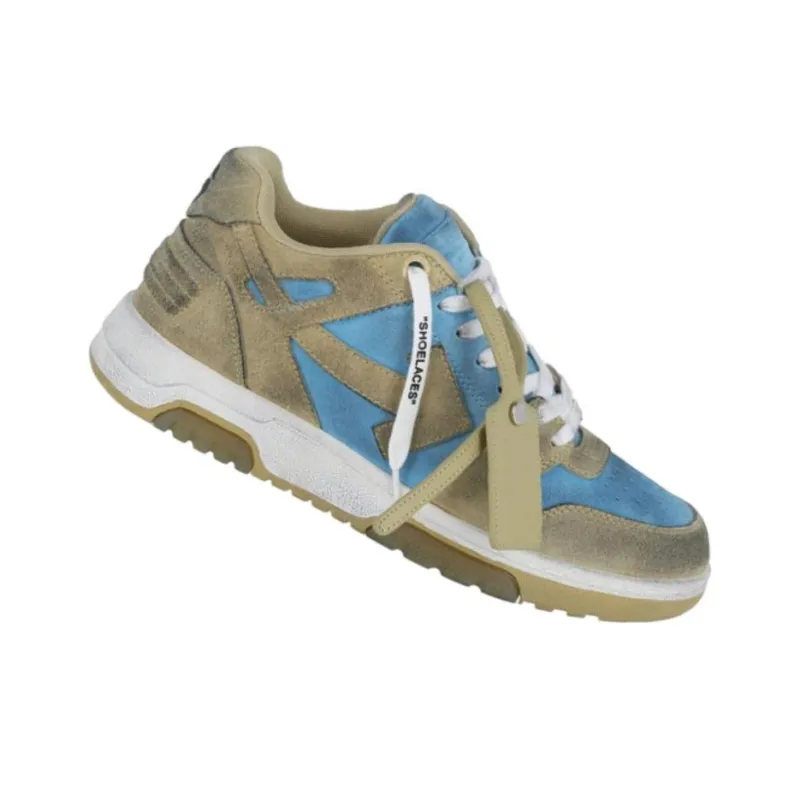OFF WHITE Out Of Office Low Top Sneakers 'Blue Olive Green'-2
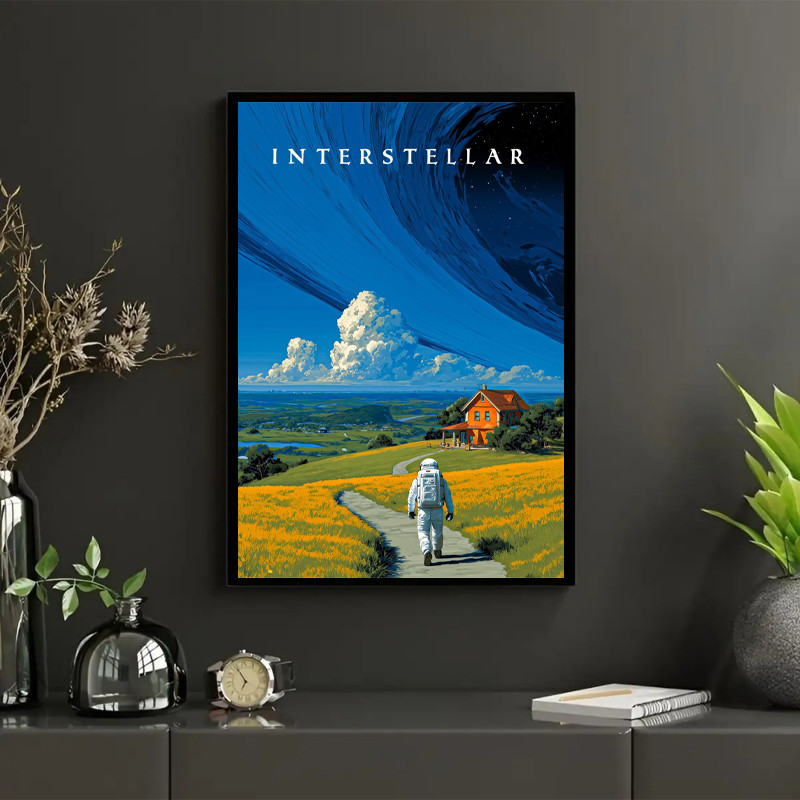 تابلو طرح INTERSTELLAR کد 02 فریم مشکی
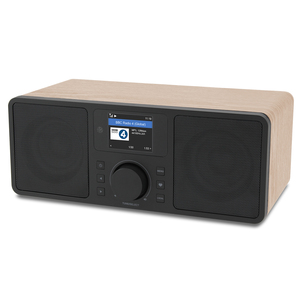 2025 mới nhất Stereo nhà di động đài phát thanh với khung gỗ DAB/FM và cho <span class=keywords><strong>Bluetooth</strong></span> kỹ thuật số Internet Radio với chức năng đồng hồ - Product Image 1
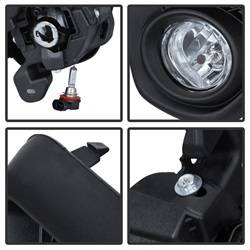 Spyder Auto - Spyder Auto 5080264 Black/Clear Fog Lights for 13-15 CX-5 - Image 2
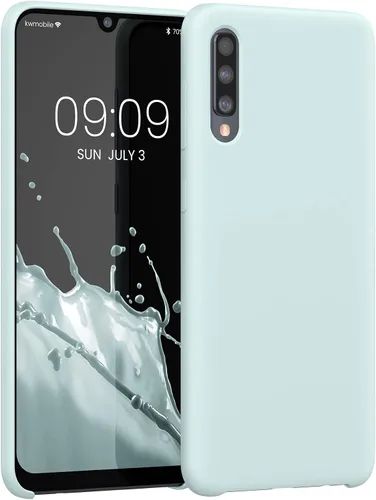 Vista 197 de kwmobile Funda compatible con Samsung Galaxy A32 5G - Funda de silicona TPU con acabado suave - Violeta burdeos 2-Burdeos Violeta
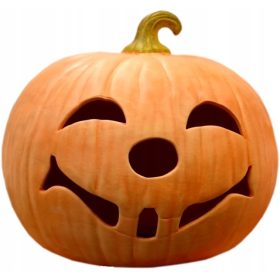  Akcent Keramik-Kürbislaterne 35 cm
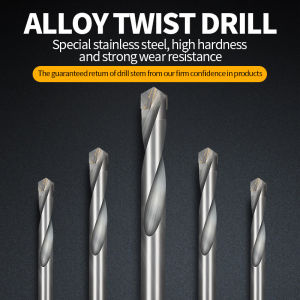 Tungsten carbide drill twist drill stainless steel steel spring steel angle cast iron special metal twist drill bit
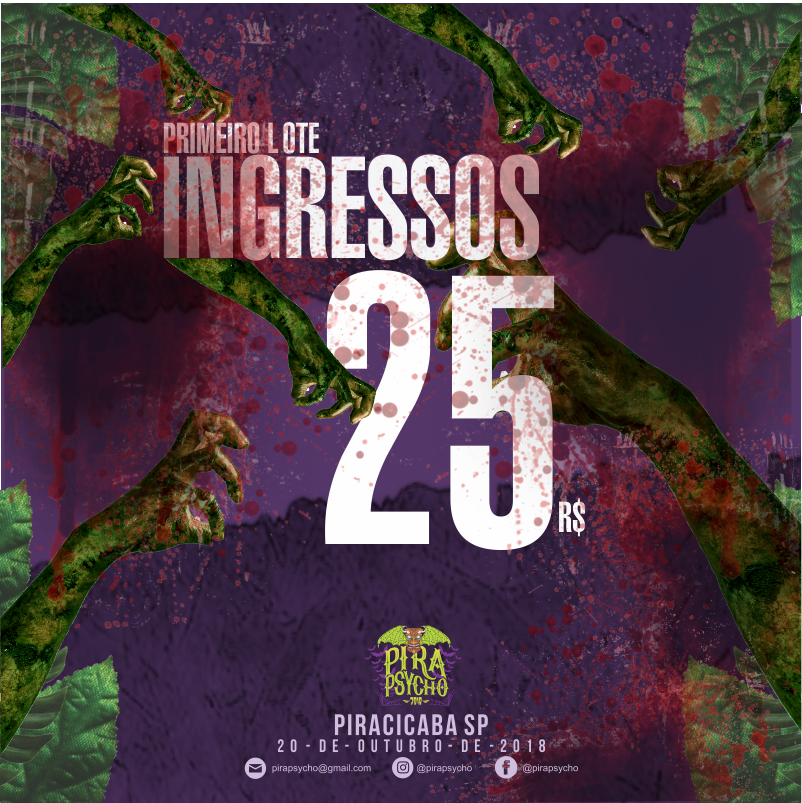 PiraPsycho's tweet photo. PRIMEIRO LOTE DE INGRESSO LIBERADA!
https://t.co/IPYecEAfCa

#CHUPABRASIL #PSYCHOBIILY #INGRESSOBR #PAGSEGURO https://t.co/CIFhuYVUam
--
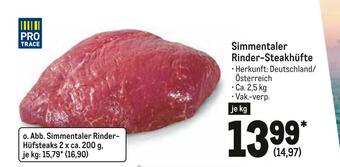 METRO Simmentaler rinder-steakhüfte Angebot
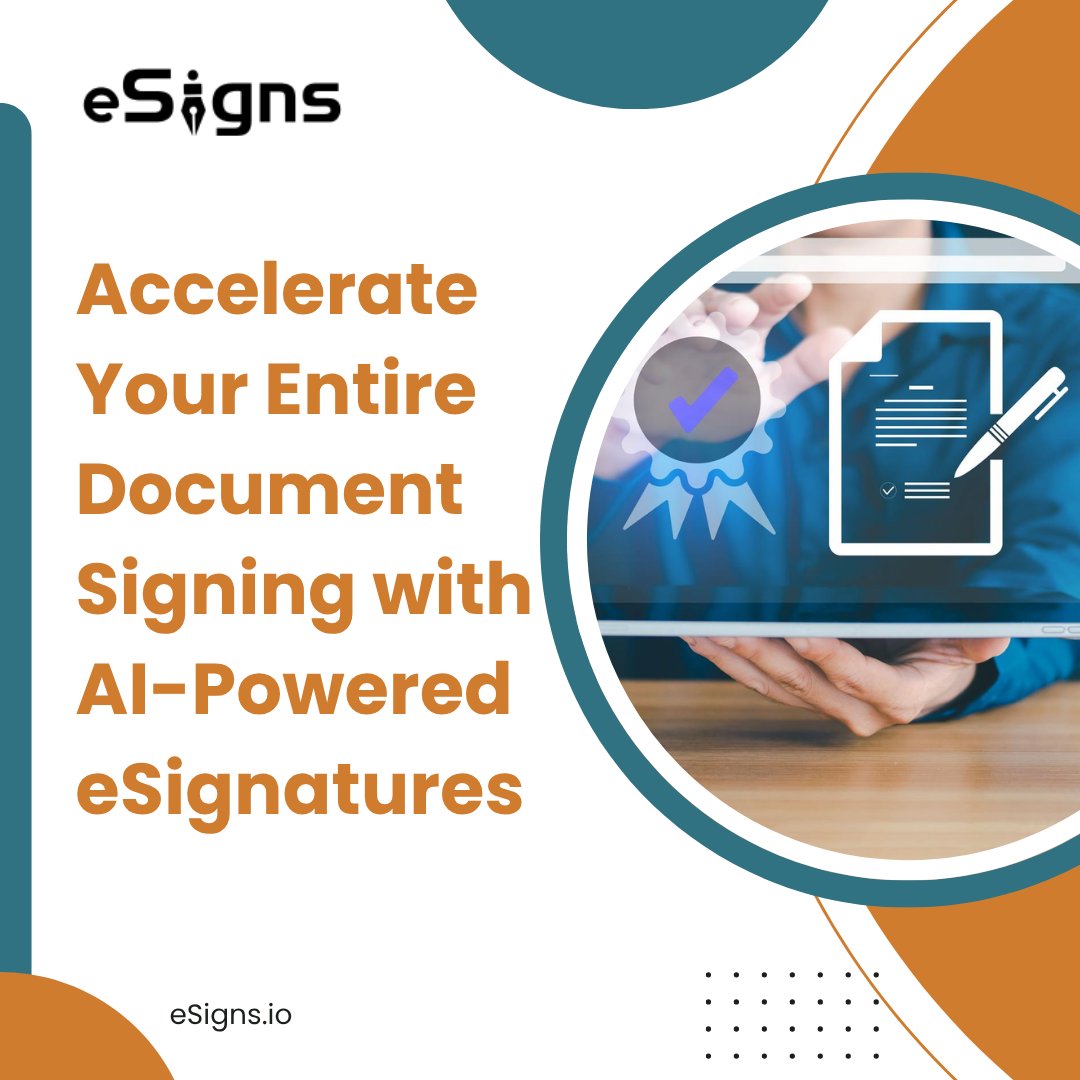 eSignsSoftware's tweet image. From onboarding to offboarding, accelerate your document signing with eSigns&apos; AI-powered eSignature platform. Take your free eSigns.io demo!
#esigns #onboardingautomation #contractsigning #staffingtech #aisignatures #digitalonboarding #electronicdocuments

> [Aim of the task]:
I would like the exact lines from the data above, starting with the one that holds "OFF WHITE Out" and going on through the one that holds "#CHUPABRASIL #PSYCHOBIILY #INGRESSOBR", without the pictures.

> [Task response]:
OFF WHITE Out Of Office Low Top Sneakers 'Blue Olive Green'-2
 تابلو طرح INTERSTELLAR کد 02 فریم مشکی
 2025 mới nhất Stereo nhà di động đài phát thanh với khung gỗ DAB/FM và cho <span class=keywords><strong>Bluetooth</strong></span> kỹ thuật số Internet Radio với chức năng đồng hồ - Product Image 1
 Spyder Auto - Spyder Auto 5080264 Black/Clear Fog Lights for 13-15 CX-5 - Image 2
 Vista 197 de kwmobile Funda compatible con Samsung Galaxy A32 5G - Funda de silicona TPU con acabado suave - Violeta burdeos 2-Burdeos Violeta
  Akcent Keramik-Kürbislaterne 35 cm
 Tungsten carbide drill twist drill stainless steel steel spring steel angle cast iron special metal twist drill bit
 PiraPsycho's tweet photo. PRIMEIRO LOTE DE INGRESSO LIBERADA!
https://t.co/IPYecEAfCa

#CHUPABRASIL #PSYCHOBIILY #INGRESSOBR #PAGSEGURO https://t.co/CIFhuYVUam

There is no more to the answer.